Una de las razones es que mientras esté preocupado por que solo me vaya bien a mí, gane al que tengo al lado y pueda optar a mayores privilegios, será muy difícil cultivar y generar un proyecto común dentro de la organización.

Competir en el trabajo afecta tanto al clima laboral como al bienestar de las personas. Cuando estoy preocupado de ganar al otro, dejo de verme a mí mismo y de disfrutar lo que estoy haciendo, vivo en un esfuerzo y en un continuo deseo por alcanzar mi propio éxito.

Por este motivo, la apuesta de algunas empresas es a minimizar la competencia y, al contrario, estimular relaciones de trabajo basadas en compartir. Esto permite que las personas se relajen, reduce el estrés y la ansiedad en el puesto de trabajo, facilita que las personas disfruten el proceso mismo de trabajar, se sientan cómodas y mejora el bienestar.

¿Cómo pasar desde una empresa como lugar de competencia a un lugar para compartir?

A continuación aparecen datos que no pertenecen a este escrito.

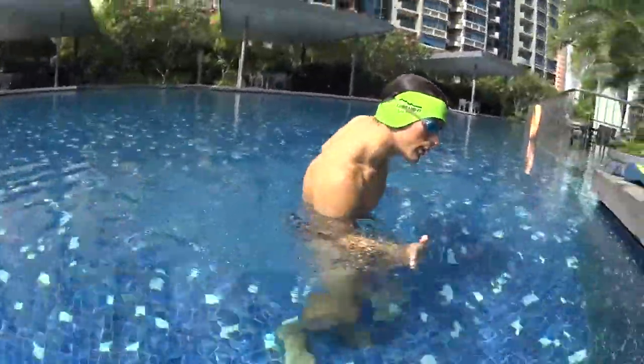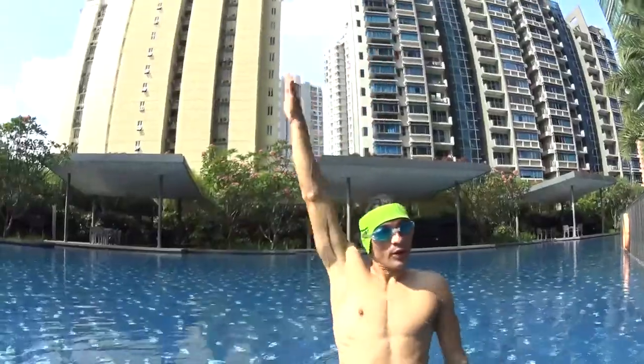Once you enter the water, you can bend your arms, accelerate the movement to pull until your legs before you repeat again.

Hay que darse tiempo y espacio para el encuentro con los demás. Si logramos encontrarnos, escucharnos y entendernos, podemos hablar de una cultura colaborativa donde tenga cabida nuestro proyecto común en conjunto con un propósito compartido.

Favorecer ambientes de trabajo más amables junto con organizaciones más humanas, dependerá de la transformación de cada uno de nosotros. La invitación es a vivir los espacios de trabajo de modo similar al sentido de pertenencia con una comunidad, donde lo central es que, si a todos nos va bien, a uno mismo también.

La transformación de cada uno de nosotros resulta clave para que las organizaciones se tornen en espacios más humanos y amables para todos nosotros. Vivirlo desde la emoción de la colaboración, implica generar un equipo de trabajo con un propósito mayor al reconocimiento individual. Es sentirse parte de algo mayor que da sentido a lo que uno hace.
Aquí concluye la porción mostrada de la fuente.